Но была у Иосифа способность более редкая, чем даже исключительный стилистический слух. Вот как он сам писал об этом: "Я слышу не то, что ты мне. говоришь, а голос". И еще раньше: "В движенье губ гораздо больше жизни, чем в том, что эти губы произносят". И в быту он беззастенчиво судил людей по физиономии: "Рожа не нравится". Но это он говорил, когда роженоситель не заслуживал специального обсуждения, упоминался мимоходом. Если заслуживал, то физиогномический диагноз, оставаясь лапидарным, мог быть гораздо более конкретным, чем выражение симпатии или антипатии. У нас был общий знакомый, то есть мне даже более чем знакомый, приятель, чье писательское дарование я высоко ценю. В своем жанре он прямой наследник Шкловского и Розанова, и, хотя только после нас станет ясно, достигает ли он уровня этих замечательных мастеров русского стиля, читать его доставляет мне такое же удовольствие, как читать "Опавшие листья" или "Zoo". Мне даже кажется, что его стиль чуть деликатнее, чем у Шкловского, не перенасыщен парадоксами, и чуть опрятнее, чем розановский.

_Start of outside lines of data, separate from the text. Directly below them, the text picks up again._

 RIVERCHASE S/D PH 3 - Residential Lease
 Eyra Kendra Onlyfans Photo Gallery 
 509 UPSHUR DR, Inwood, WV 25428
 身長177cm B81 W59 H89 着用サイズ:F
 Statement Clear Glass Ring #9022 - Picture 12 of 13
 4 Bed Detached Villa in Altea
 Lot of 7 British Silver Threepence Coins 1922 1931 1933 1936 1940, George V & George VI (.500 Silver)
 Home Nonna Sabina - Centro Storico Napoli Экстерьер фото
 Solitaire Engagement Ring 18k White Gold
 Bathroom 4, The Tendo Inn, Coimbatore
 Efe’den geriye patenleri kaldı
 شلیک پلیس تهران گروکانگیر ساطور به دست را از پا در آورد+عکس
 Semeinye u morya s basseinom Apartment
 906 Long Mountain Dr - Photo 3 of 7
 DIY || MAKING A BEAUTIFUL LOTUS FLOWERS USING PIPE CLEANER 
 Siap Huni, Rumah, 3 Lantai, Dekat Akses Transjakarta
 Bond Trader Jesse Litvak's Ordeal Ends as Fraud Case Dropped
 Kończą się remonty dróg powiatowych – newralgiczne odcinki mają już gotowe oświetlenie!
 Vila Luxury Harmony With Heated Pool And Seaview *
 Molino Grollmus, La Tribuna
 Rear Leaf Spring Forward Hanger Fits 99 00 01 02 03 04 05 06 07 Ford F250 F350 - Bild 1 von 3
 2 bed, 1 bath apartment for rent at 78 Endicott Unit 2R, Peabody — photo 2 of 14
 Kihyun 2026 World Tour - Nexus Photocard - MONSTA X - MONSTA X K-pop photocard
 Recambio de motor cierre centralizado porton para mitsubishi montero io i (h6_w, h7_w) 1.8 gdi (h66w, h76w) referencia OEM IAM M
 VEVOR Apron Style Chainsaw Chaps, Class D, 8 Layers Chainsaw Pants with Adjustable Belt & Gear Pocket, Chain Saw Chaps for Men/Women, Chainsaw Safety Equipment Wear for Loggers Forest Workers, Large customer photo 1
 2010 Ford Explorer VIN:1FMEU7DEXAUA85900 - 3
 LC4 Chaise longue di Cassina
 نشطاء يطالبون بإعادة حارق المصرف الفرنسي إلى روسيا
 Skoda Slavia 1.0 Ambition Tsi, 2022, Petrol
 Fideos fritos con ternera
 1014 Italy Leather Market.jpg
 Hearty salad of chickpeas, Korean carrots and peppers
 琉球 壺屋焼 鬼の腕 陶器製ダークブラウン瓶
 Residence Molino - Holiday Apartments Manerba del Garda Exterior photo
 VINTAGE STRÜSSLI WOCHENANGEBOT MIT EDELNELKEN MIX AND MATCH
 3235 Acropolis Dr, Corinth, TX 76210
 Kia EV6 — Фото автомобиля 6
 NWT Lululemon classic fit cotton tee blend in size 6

Бог дал этому человеку способность на удивление внятно выражать свои мысли, как правило оригинальные, иногда завиральные, но читать его всегда радостно. Примерно эти соображения я излагал Иосифу. Ведь и он в прозе ценил прежде всего стиль, природную способность просто и эффектно строить фразу, а главное, весь период. Речь идет о даровании, прежде всего, ритмическом. Дикция тоже важна, но без ритмико-синтактического чутья и богатейший словарь — только неподъемный разваливающийся груз. Поэтому Иосиф любил эссеистику Орвелла. Мастерски перевел "Убивая слона". Подарил нам четыре томика журналистики Орвелла, я думаю, в расчете побудить Нину переводить оттуда. Рекомендуя мне роман Кутей "Жизнь и времена Майкла К.", хвалил исключительно ритм. Однако по поводу моего приятеля он сказал неожиданно: "Человек с лицом командировочного".